If you go down the 2010 list, or very similar lists used since then, you end up talking about why the items could not be done. In most cases Congress or the Postal Regulatory Commission stood in the way. As you narrow down the possibilities to a shorter list, more focus goes on the remaining items. In fact, this week, the PMG cited #1 and #5 above, retiree prefunding and pricing, as the remaining hopes to respond to a flawed business model.
Perhaps the continuous focus on a business model is misplaced. The MIT definition of a business model targets “an attractive rate of return.” Is that why we have the USPS? And would a private sector business that developed a plan to turn itself around after its original business model failed, and was stymied in achieving any of the listed strategies, stay in business? Would a business projecting a cumulative ten-year loss of $238 billion, or $123 billion without needed legislation, stay in business? Of course not.

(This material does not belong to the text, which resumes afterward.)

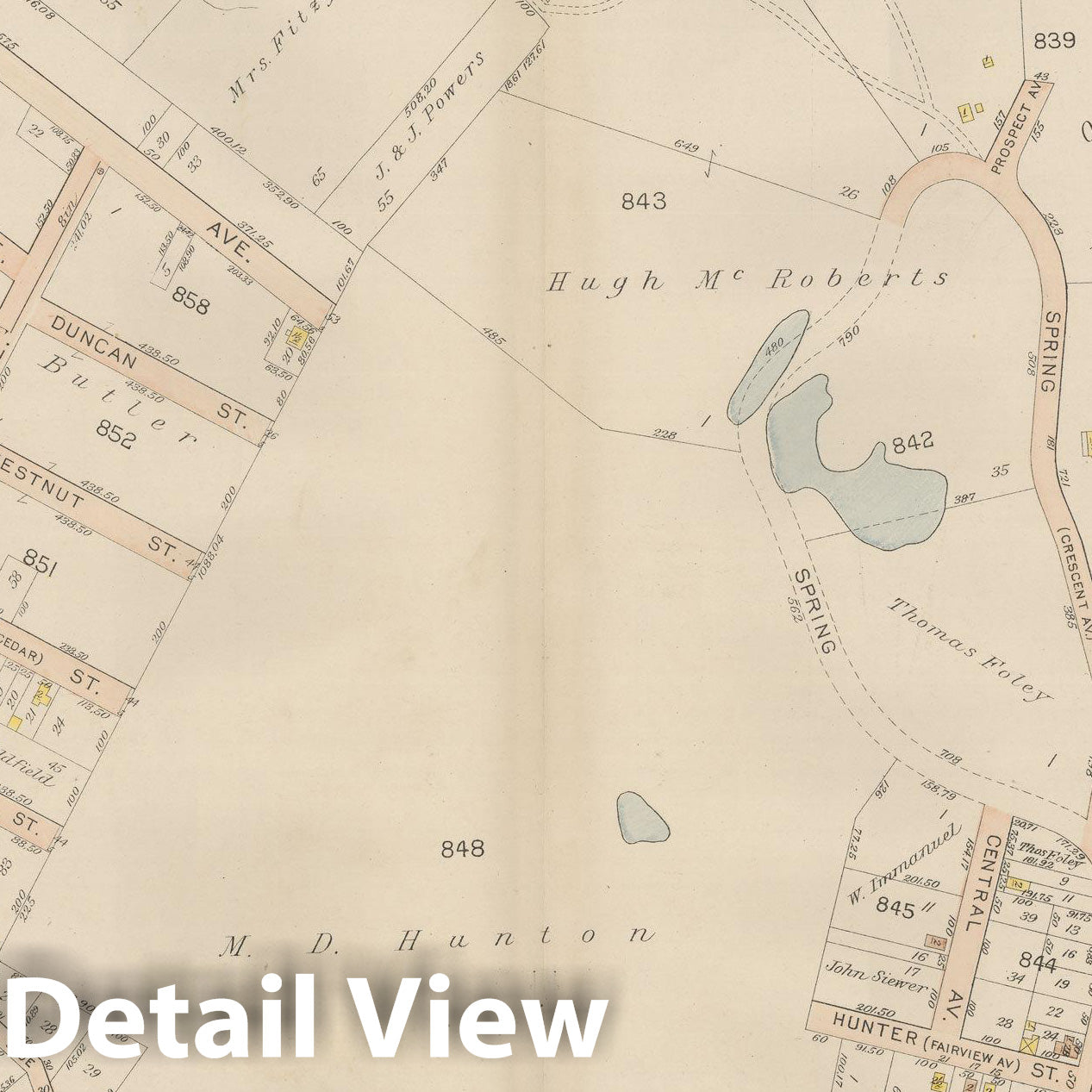 Historic Map : Atlas of Staten Island, Borough of Richmond, Vol 1, Staten Island 1917 Plate 029 , Vintage Wall Art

The Postal Service is not a going concern because it has a great business model that yields a great rate of return for its owners. It is going strong because it is a government agency that provides a necessary business-like public service.
All of the focus on a “flawed business model” and a list of “solutions” to give its managers greater flexibility is misplaced. USPS is not a business whose goal is to make a rate of return for owners, and it is not a business that shuts down when it cannot maintain a profitable business model.

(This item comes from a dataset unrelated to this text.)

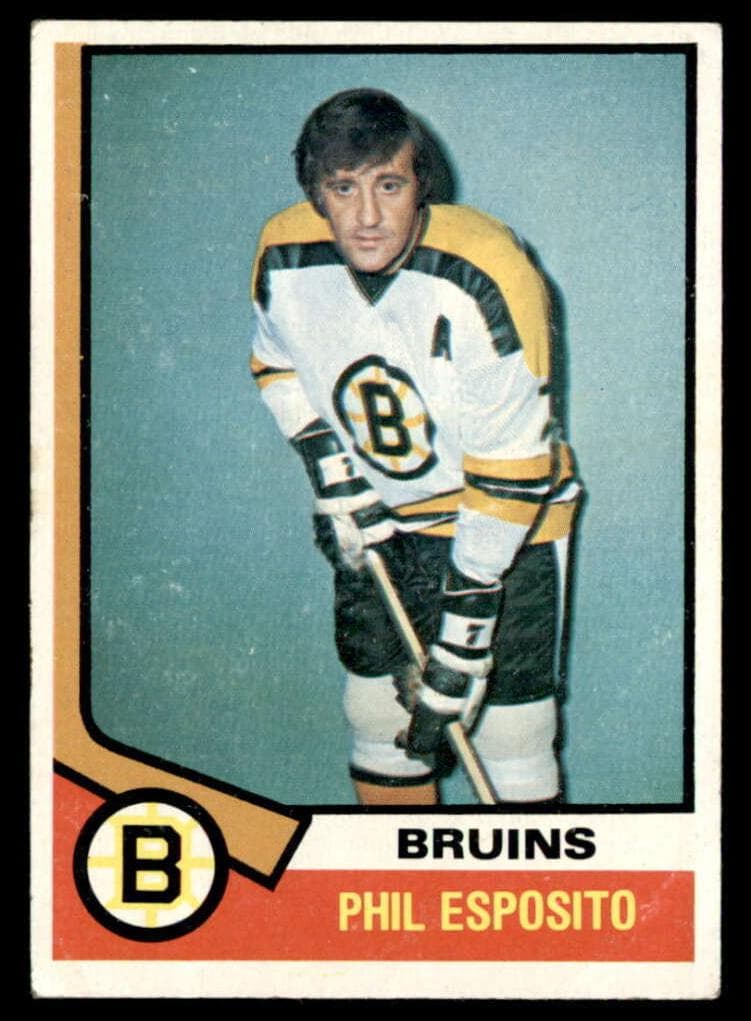 Phil Esposito 1974 topps O-Pee-Chee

Old Business Model: Very rapidly growing mail volume fueled by work-sharing and direct marketing, with few digital alternatives, easily funds ever-growing 80 percent labor costs. Prices are raised roughly every three years based on projected revenues of USPS.
New Business Model: Declining mail volume with many digital alternatives requires covering 80 percent labor costs in other ways. The incentives of the CPI price cap and the potential to retain earnings are not strong enough to create success. The model that USPS seems to advocate has three main components:
We are not aware of a comprehensive description of the new “business model” that the USPS believes it needs to employ in order to replace its “flawed business model.” But our description of a new model is gleaned from listening to Postal Service leadership talk for the last eight years about what needs to be done for a “serious but solvable” problem.
We are neither inspired by this model, nor do we believe it is really a viable business model. It is more of a list of actions that could yield short-term improvements to the existing business model. But what really worries us is that the list really is a big gamble with the future of our postal system.
The fact that the Postal Regulatory Commission has taken up, with a vengeance, the pricing item that has been on every USPS list since 2010 is troubling. It is especially troubling that the PRC seems to believe this one item can fix USPS finances. No business in need of a turnaround and a new business model, that we know of in history, has ever succeeded mainly by raising its prices way above general inflation.